Standing in the line waiting to board the Johannesburg-Ndola flight on SA Airlink I closed my eyes listening to the accents around me and figured I could be boarding a Quantas flight given the predominance of Australian slang. Subtle eavesdropping reveals that many of these antipodeans are on their way to the DRC, site of many international mining interests; others were on their way to Kitwe, the erstwhile core of the Zambian Copper belt and home to the Copper Belt University’s School of the Built Environment and the Department of Urban and Regional Planning, my hosts.

Kitwe is a city of about 0.5 million people. It is attractive with many flamboyant trees and a lush landscape. In the distance one sees the mine shafts, the ‘hard hats’ that gain access to the depths below. This is the view from afar. My guest house is located in a comfortable suburb with the Bar playing host to a range of Nationalities: English, Australian, Chinese and South African. My fake wedding ring gives me some protection from continuous harassment since a single woman visiting on business is clearly a very foreign feature. The copper price has been steadily increasing so business is improving in this part of the world but I cannot help but wonder: where’s the money? It is certainly not present in the city infrastructure. Closer inspection reveals streets in dire need of repair and a city in much demand for a waste management strategy. A tour of informal settlements on the outskirts reveals minimal servicing and neglect. A curious feature is the predominance of home-based spaza shops, constructed as little kiosks embedded in fencing or as extensions of people’s homes; ‘welcome shoppers’ boasts one.
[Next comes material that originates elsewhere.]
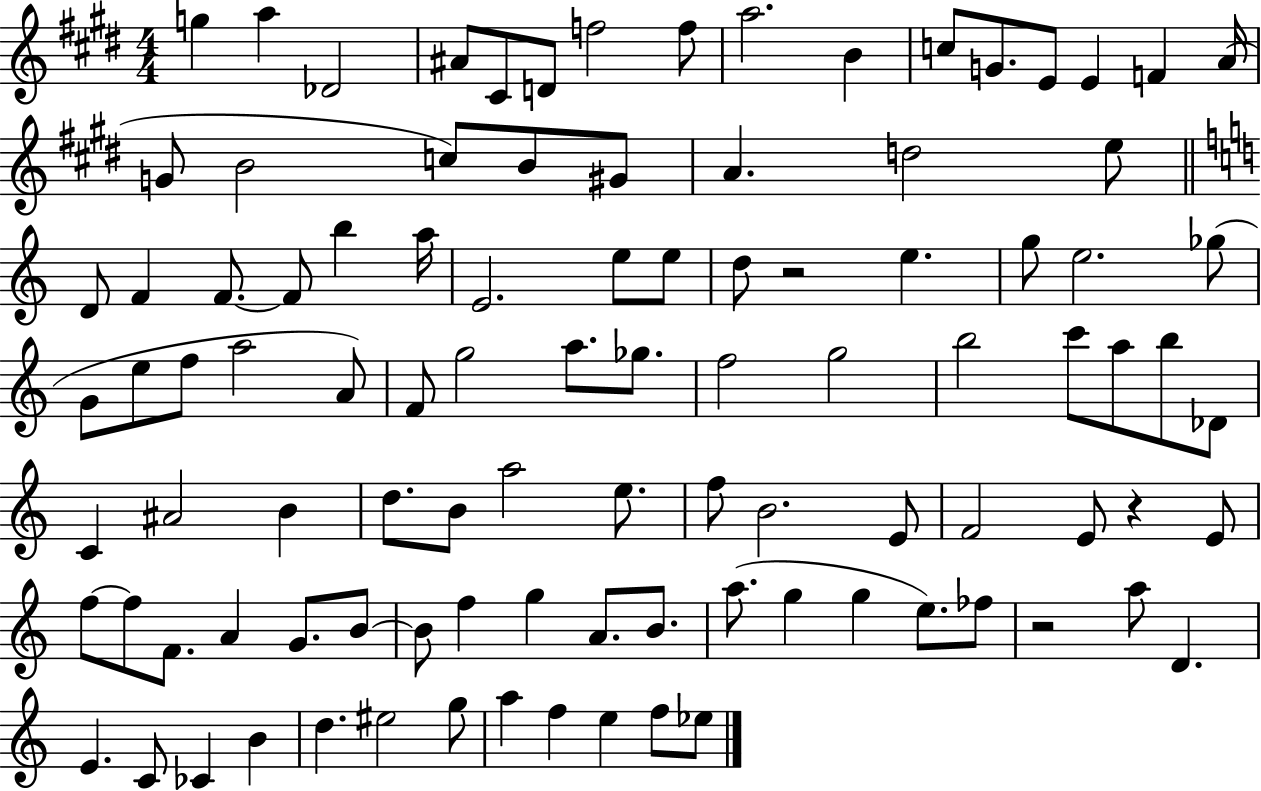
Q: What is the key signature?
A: E major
Kiosks range from hair dressing services, complete with painted signage, the ubiquitous phone shops offering ‘top-up’ and spaza shops selling basic groceries with some selling fresh produce. The market down the road is one of the biggest I have seen (I have yet to travel to West Africa…) with hardware, clothing and other goods and services arranged in self-appointed districts. I am told by my Zambian colleague that the site is to be redeveloped into a shopping centre, seen by the local authority as a healthy dose of foreign investment. I would hate to calculate the many livelihoods that would be affected by this intervention. It strikes me that the promise of FDI in this instance, and perhaps in many other examples in this mining region, is not dissimilar to my fake wedding ring: an outwards sign of commitment, but inherently false and intentionally deceptive.